The training and intense watching bore fruit in the autumn of 1943 when observers at a post in West Palm Beach, Florida, saw and reported instantly the passage of a German Junkers JU-88 bearing American markings over their post. The fact that the plane was one that had been captured in Europe and was being flown back to the United States for examination detracted not one bit from the effectiveness of the recognition instruction.

At the peak of operation, the Aircraft Warning Service of the First Fighter Command numbered some 750,000 people, of whom about 12,000 were in information and filter centers. Practice interceptions, run almost daily, provided experience for ground officers and pilots working under simulated combat conditions.

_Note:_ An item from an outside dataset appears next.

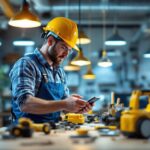 A photograph of a lighting contractor inspecting a well-lit workspace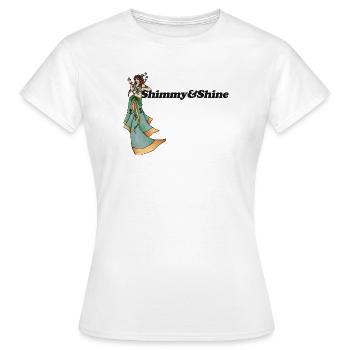 Shimmy Goddess in Green - Women's T-Shirt - white - Front - AI Model Female 172 dark (172cm)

Because of its huge scope of operations, the AWS saved the lives of many pilots by bringing speedy aid to those whose planes had crashed.

A detailed account of life in an east coast observation post is offered by Meade Minnigerode in his book, Essex Post, published in 1944 by the Yale University Press.

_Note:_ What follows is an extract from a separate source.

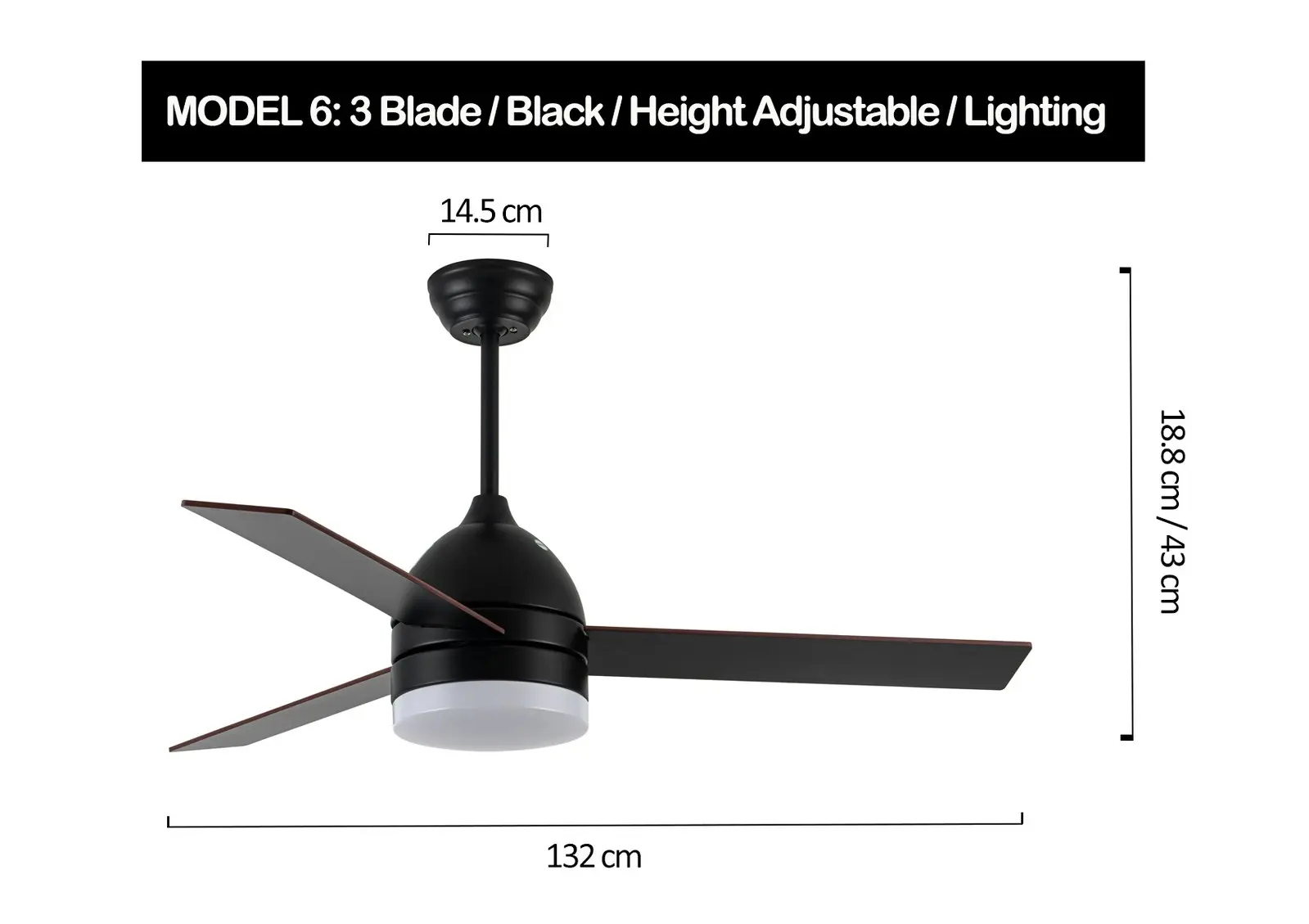 Viviendo 52 Inch 3 Blade Whisper AC Ceiling Fan with LED Light with 3 Speed Remote Control - Black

==Information and Filter Centers==
To process the data from the observation posts, Information and Filter Centers were established in strategic, but secret, locations on both coasts. The Army called on Adelaide Rickenbacker, wife of Capt. Eddie Rickenbacker, to assist in recruiting for the centers. The bulk of the center personnel were women drawn from the ranks of housewives, office workers, actresses, entertainers, and executives.

Center personnel represented the information from the flash messages designations on markers placed on large regional plotting maps in windowless rooms. From balconies overlooking these maps, officers of the Army, including the Army Air Force, and Navy watched the flights moving across the boards. To plot these flights, to staff the battery of telephones and to transmit information from filter rooms to operation rooms and from one filter center to another, volunteers worked 24 hours a day.

==Merit awards==
In the summer of 1943, a system of awards for services performed and accomplishments was established. There were awards ceremonies for those who "earned their wings" and Merit Awards for those who contributed thousands of hours. In addition to wings and merit awards, there were printed certificates of award and appreciation. Normal insignia included arm bands for Observers and Chief Observers and the rare AWC patch for filter center workers.

==Media==
On the east coast, to coordinate the interest of the volunteers and to provide a medium for important news and training information, the "Observation Post," a semi-monthly publication of the Ground Observer Corps, was started in March 1942. This four page black and white newsletter gave way to a full-fledged monthly magazine, Aircraft Warning Volunteer, in June 1943. The original editor was Capt. Frederick W. Pederson. The last publication was a commemorative issue in June 1944. On the west coast, the National Broadcasting Company hosted a 30-minute weekly radio broadcast, Eyes, Aloft!, that provided similar AWS information over the air from August 17, 1942, to November 10, 1943, some 61 episodes. A principal actor was Henry Fonda.

==Disbandment==
On March 31, 1944, the IV Fighter Command was disbanded. On May 16, 1944, Henry L. Stimson, Secretary of War, wrote in a letter announcing the coming inactivation of the GOC, AWC and AWS, "This does not mean that the War Department is of the opinion that all danger of enemy bombing has passed. On the contrary, a small-scale sneak raid is still within the capabilities of our enemies. We must win this war in Europe and Asia, however, and the calculated risk we are assuming in reducing our air defense measures is justified by the offensive power we will thereby release." With no fighters to scramble, no observers were necessary so inactivation was announced on May 29, 1944. On June 6, 1944, the allies invaded Europe.

On May 27, 1944, Col. Stewart W. Towle Jr. Commander of the Air Corps, wrote, "I want to express my personal appreciation and that of all the officers and men of this command to the volunteers who have served so loyally and efficiently with us in defense of the eastern seaboard. ... Your country, the Army Air Force, and your fellow Americans owe a debt of gratitude to the members of the Aircraft Warning Service." An observation post survives in Hebron, Connecticut.